Find the line with "gebraucht Mercedes 220 S" in the data below. Repeat it and every line after it up to the end, exactly, but drop the pictures.

=== SOURCE RECORDS ===

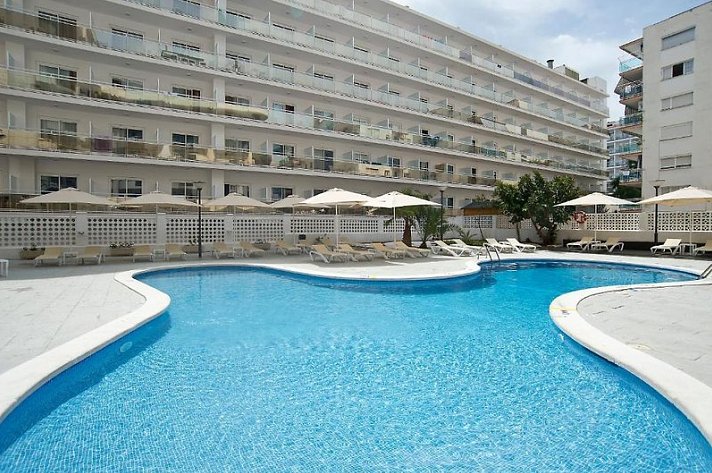 Rentalmar Salou Beach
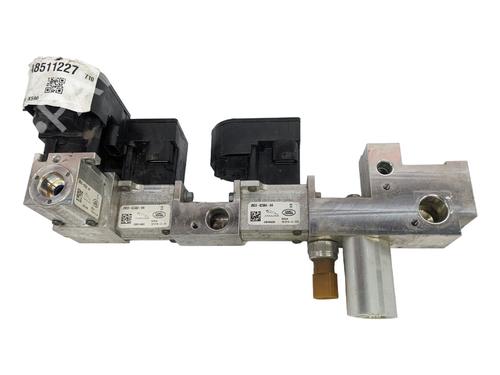 AC-rør JAGUAR I-PACE (X590) EV400 AWD (400 hp) 29690707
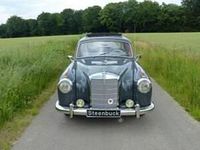 gebraucht Mercedes 220 S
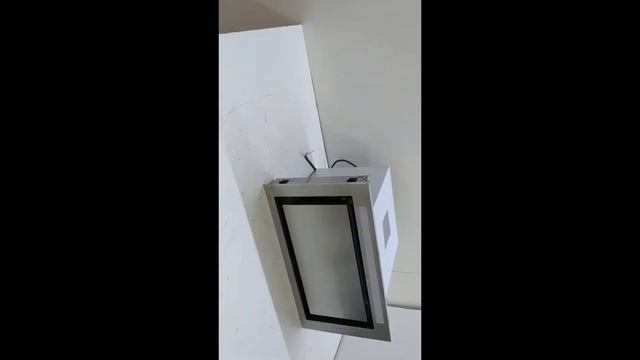 Вытяжка ELICA HIDDEN 2.0 IX/A/60 смотреть онлайн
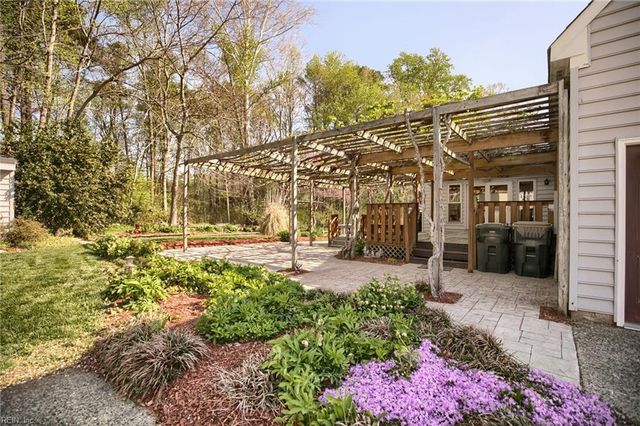 111 Manassas LOOP, Yorktown, VA 23693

===

#### [EXERCISE RESPONSE]
 gebraucht Mercedes 220 S
 Вытяжка ELICA HIDDEN 2.0 IX/A/60 смотреть онлайн
 111 Manassas LOOP, Yorktown, VA 23693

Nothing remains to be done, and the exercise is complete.